PROBLEM DETAILS
Copy word for word the lines in the records below, starting at the line with "Porcelanowy talerzykpodstawek ręcznie" and ending at the line with "Mobiletto bagno sospeso". Skip the pictures.

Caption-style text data
━━━
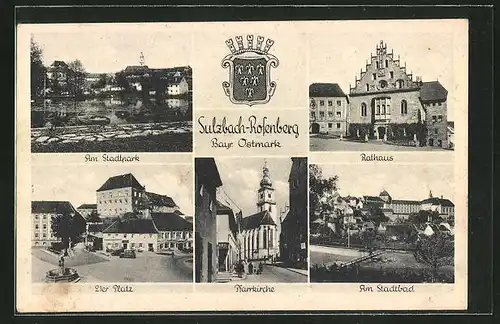 AK Sulzbach-Rosenberg, Am Stadtpark, Rathaus, Pfarrkirche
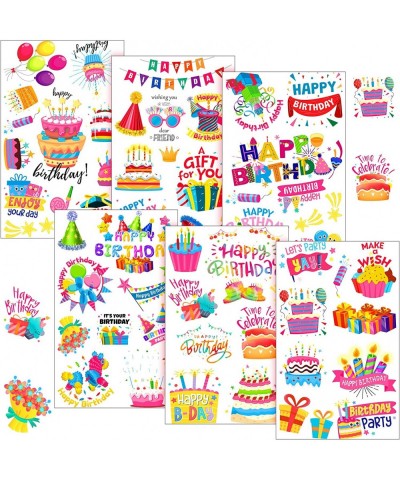 6 Sheets Birthday Stickers Colorful Happy Birthday Stickers for Kids Self Adhesive Birthday Card Stickers Cake Birthday Stick...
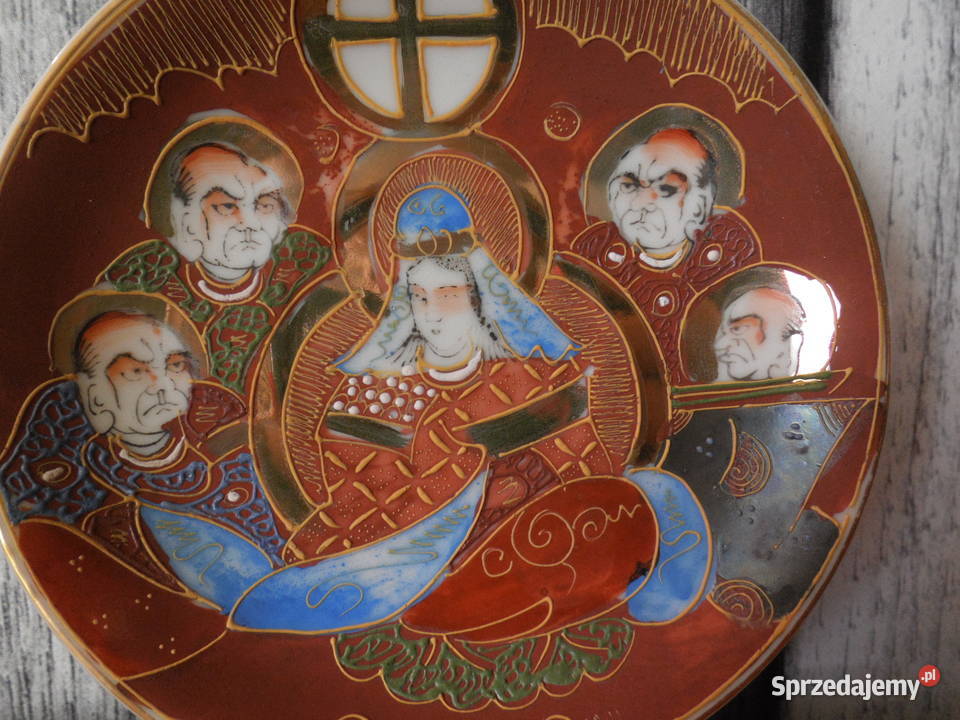 Porcelanowy talerzykpodstawek ręcznie dekorowany Raszków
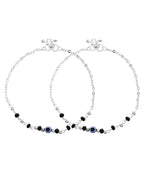 VOJ Set of 2 Stainless Steel Evil Eye Anklet - Distacart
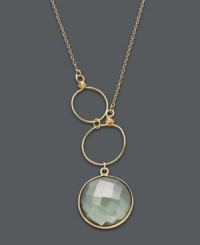 A style refreshment! Studio Silver's breezy necklace features a bubbly asymmetrical design highlighting a faceted green glass drop and interlocking links. Crafted in 18k gold over sterling silver. Approximate length: 16 inches. Approximate drop: 2 inches. A style refreshment! Studio Silver's breezy necklace features a bubbly asymmetrical design highlighting a faceted green glass drop and interlocking links. Crafted in 18k gold over sterling silver. Approximate length: 16 inches. Approximate drop: 2 inches.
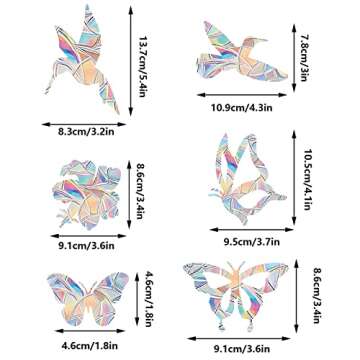 Lystaii 38 Pcs Window Clings Window Rainbow Decals Stickers for Anti Collision Bird Strikes Prevent Bird Strikes Hitting on Glass Windows Transparent Suncatcher Stickers (Bird,Butterfly, Leaf)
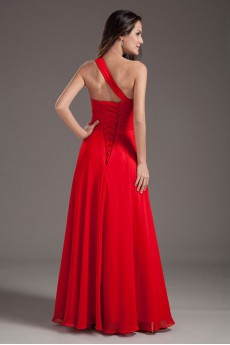 Chiffon One Shoulder Column Dress with Embroidery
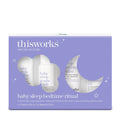 Baby sleep ritual gift set box with moon and baby sleep bottle icons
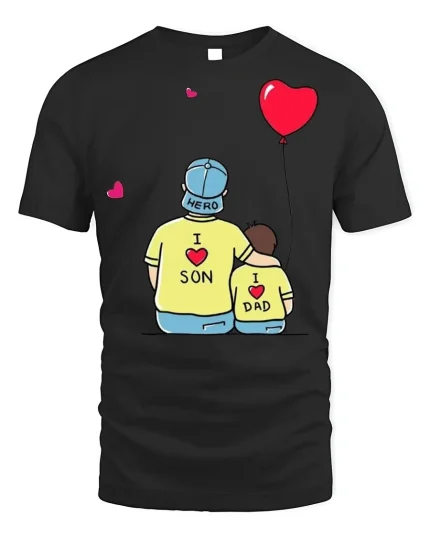 Hero Son Dad Tee - Father and Son T-Shirt - black t-shirt on white background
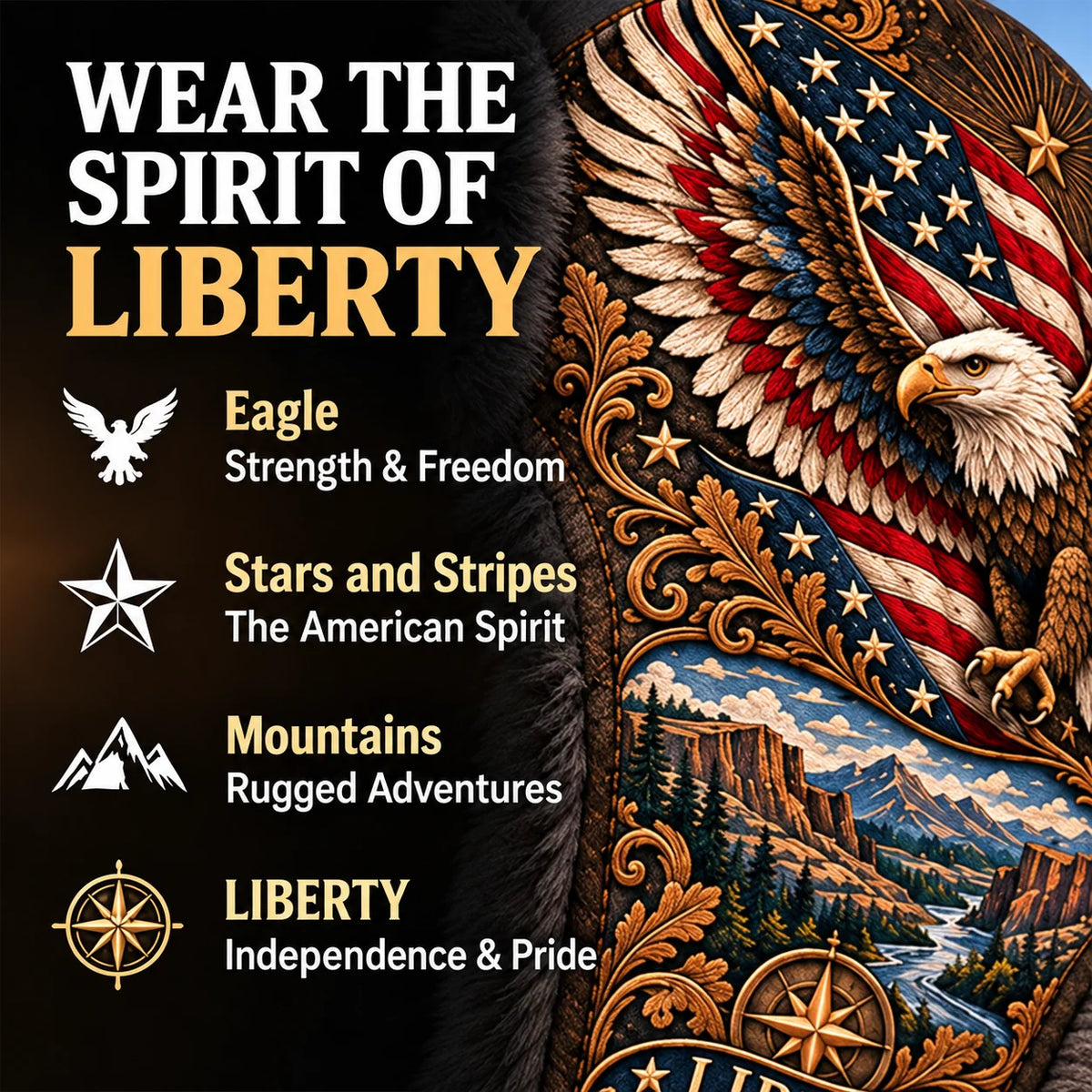 ⏳ Last Day 49% OFF – 🦅❄️"Wings of Freedom" Winter Ear-Flap Hat with Plush Lining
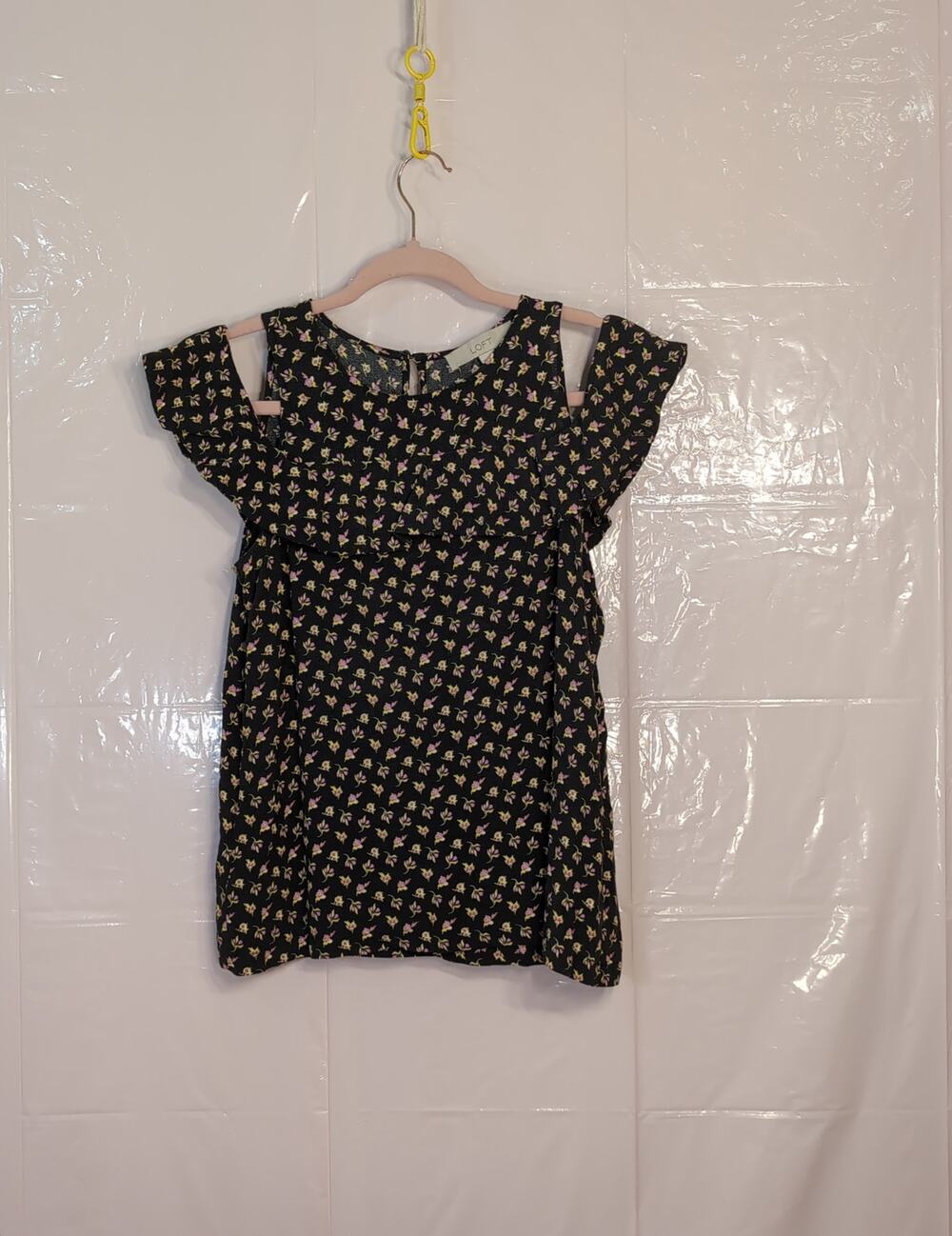 ​Black Floral Cold Shoulder Blouse SP Petite Boho Chic Cute Top LOFT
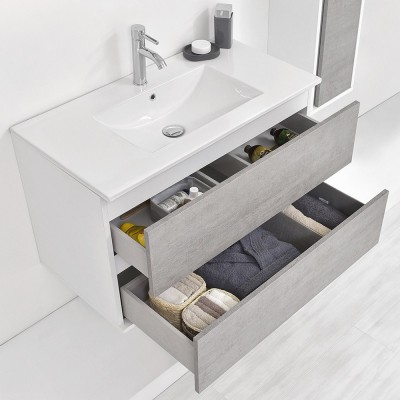 Mobiletto bagno sospeso 90 cm Duble grigio industrial completo di lavabo e specchio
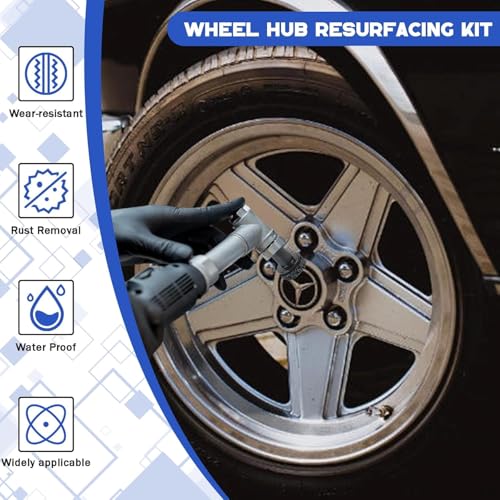 Inner Rim Cleaner & Wheel Hub Rust Removal Tool,Drill Attachment for Brake Parts, Automotive Wheels, and Electrical Connectors,All-in-One Hub Cleaning Kit
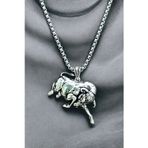Ak Store Silver Gümüş Kaplama K-156 Paslanmaz Kromix Erkek Kolye Madalyon Öfkeli Boğa Burcu Bull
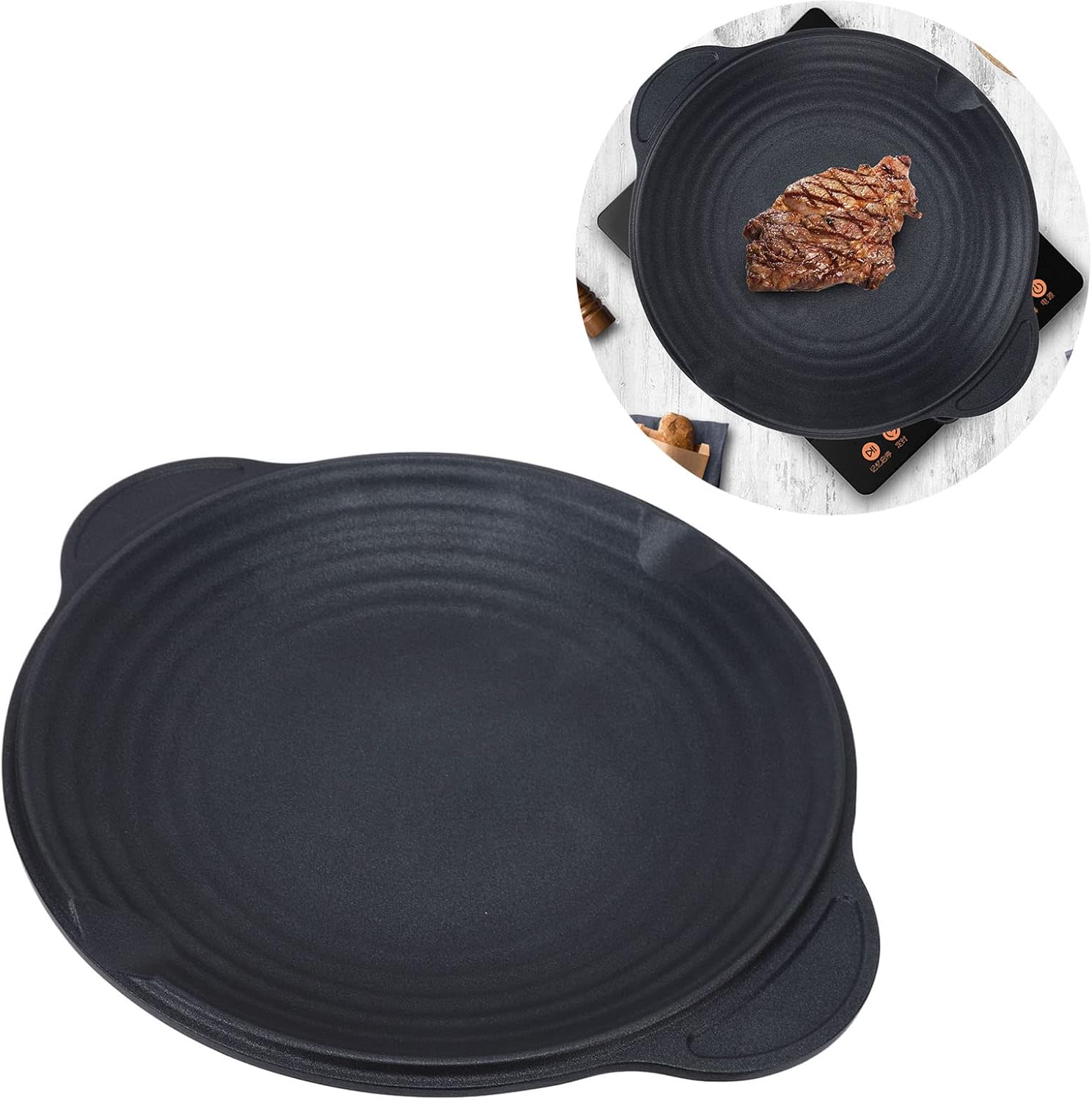 Parrilla coreana para barbacoa, redonda de hierro fundido, placa de parrilla antiadherente, placa de hierro, placa de hierro de alta conductividad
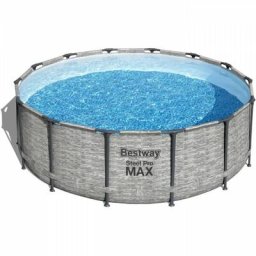 Bestway - Piscine tubulaire Power Steel Stone ronde 4,27 x 1,22 m - Gris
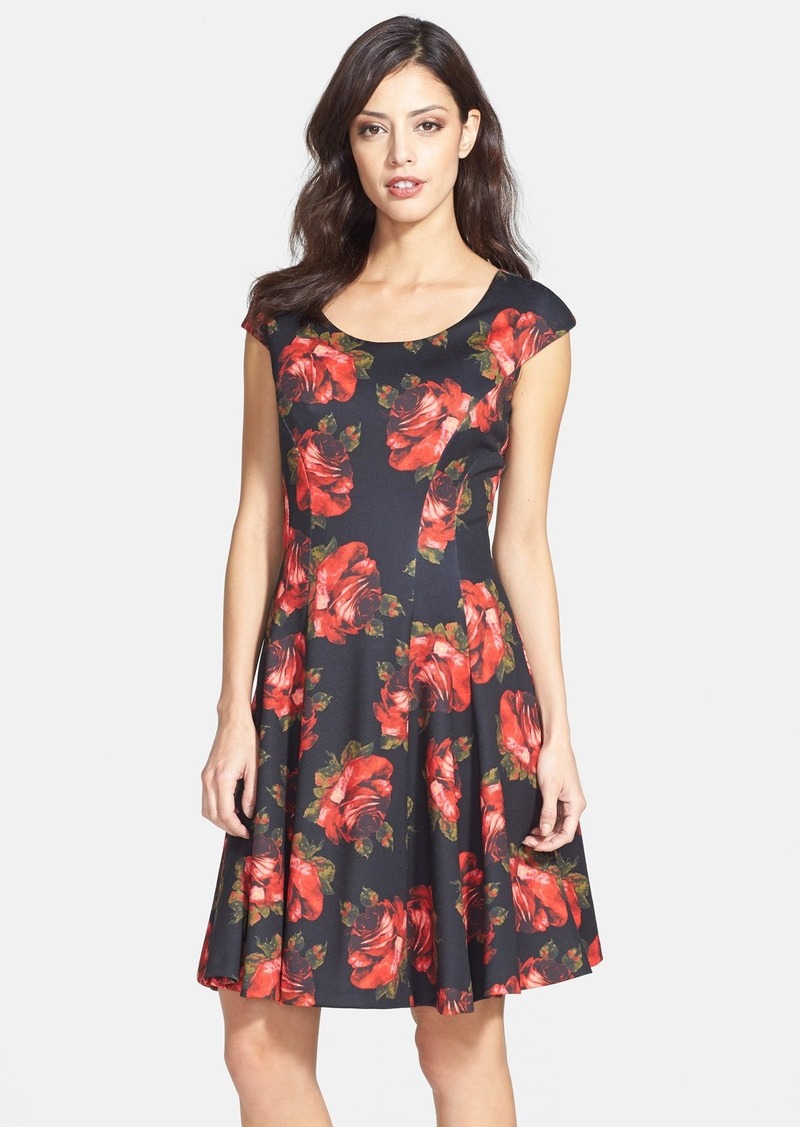 Betsey Johnson Betsey Johnson Floral Print Scuba Fit & Flare Dress ...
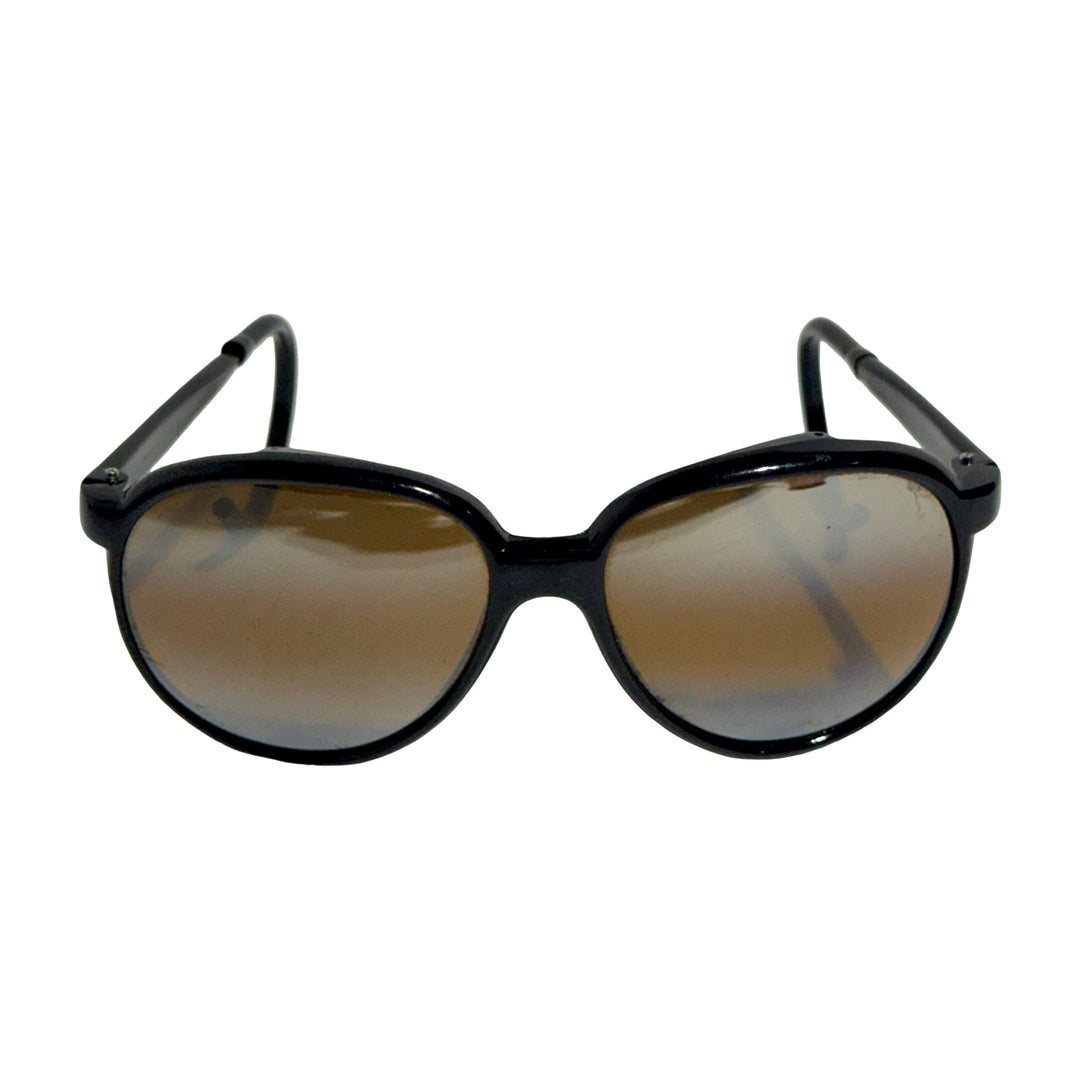 1970’S REI MADE IN JAPAN BLACK ACETATE MIRRORED POLARIZED LENSE CLIMBING SUNGLASSES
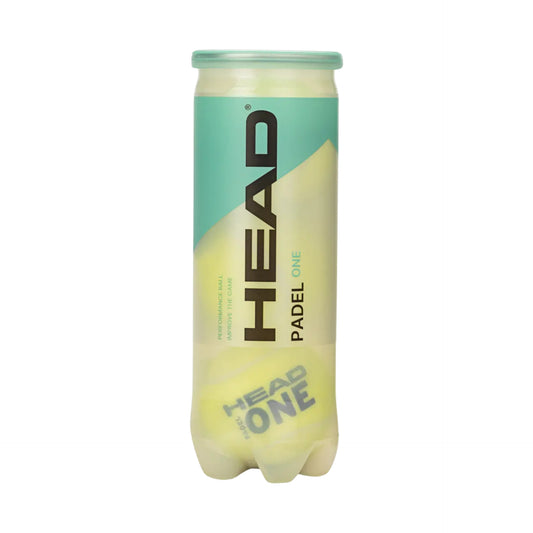 Head Padel One tennis balls on a court, designed for padel sports, showing bright yellow color and brand logo.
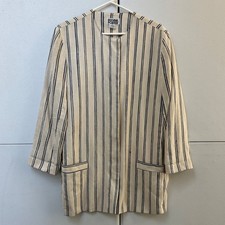 Vtg 90s REGINA PORTER Medium 100% Raw Silk Blazer Jacket Striped Collarless picture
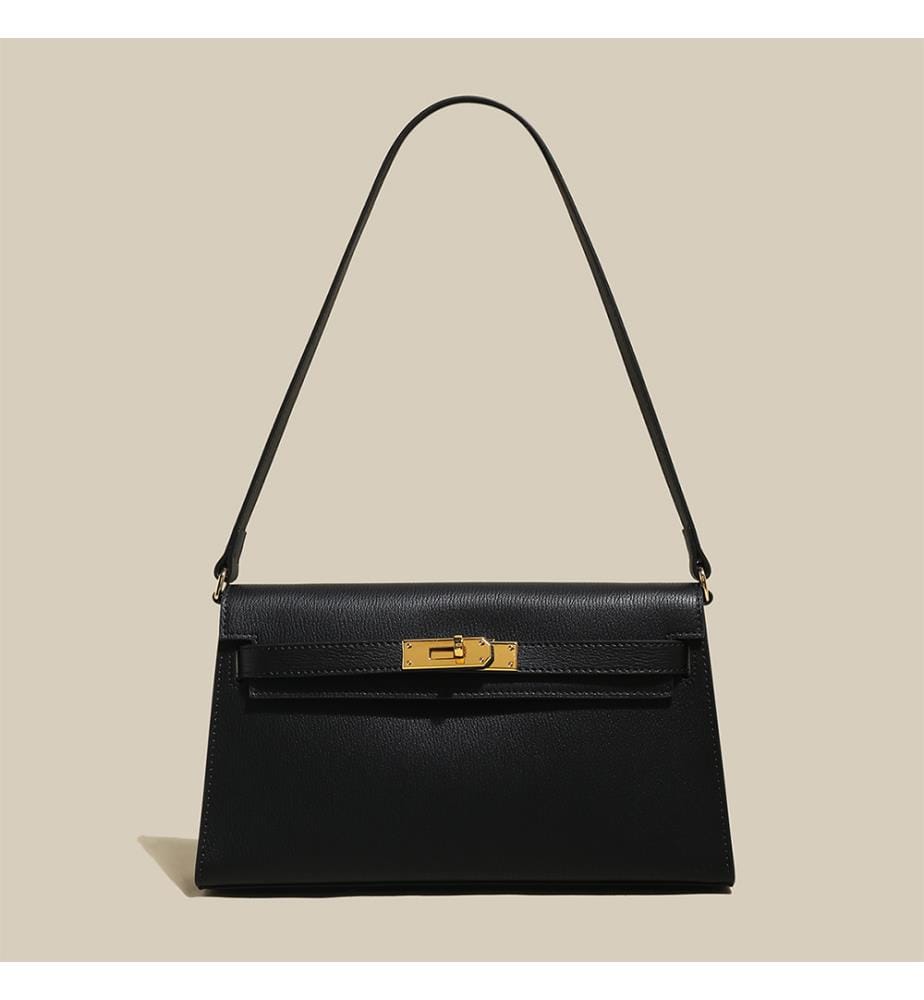 Camille Tasche aus genarbtem Leder - Schwarz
━━━
ANSWER TO THIS EXERCISE
 Porcelanowy talerzykpodstawek ręcznie dekorowany Raszków
 VOJ Set of 2 Stainless Steel Evil Eye Anklet - Distacart
 A style refreshment! Studio Silver's breezy necklace features a bubbly asymmetrical design highlighting a faceted green glass drop and interlocking links. Crafted in 18k gold over sterling silver. Approximate length: 16 inches. Approximate drop: 2 inches. A style refreshment! Studio Silver's breezy necklace features a bubbly asymmetrical design highlighting a faceted green glass drop and interlocking links. Crafted in 18k gold over sterling silver. Approximate length: 16 inches. Approximate drop: 2 inches.
 Lystaii 38 Pcs Window Clings Window Rainbow Decals Stickers for Anti Collision Bird Strikes Prevent Bird Strikes Hitting on Glass Windows Transparent Suncatcher Stickers (Bird,Butterfly, Leaf)
 Chiffon One Shoulder Column Dress with Embroidery
 Baby sleep ritual gift set box with moon and baby sleep bottle icons
 Hero Son Dad Tee - Father and Son T-Shirt - black t-shirt on white background
 ⏳ Last Day 49% OFF – 🦅❄️"Wings of Freedom" Winter Ear-Flap Hat with Plush Lining
 ​Black Floral Cold Shoulder Blouse SP Petite Boho Chic Cute Top LOFT
 Mobiletto bagno sospeso 90 cm Duble grigio industrial completo di lavabo e specchio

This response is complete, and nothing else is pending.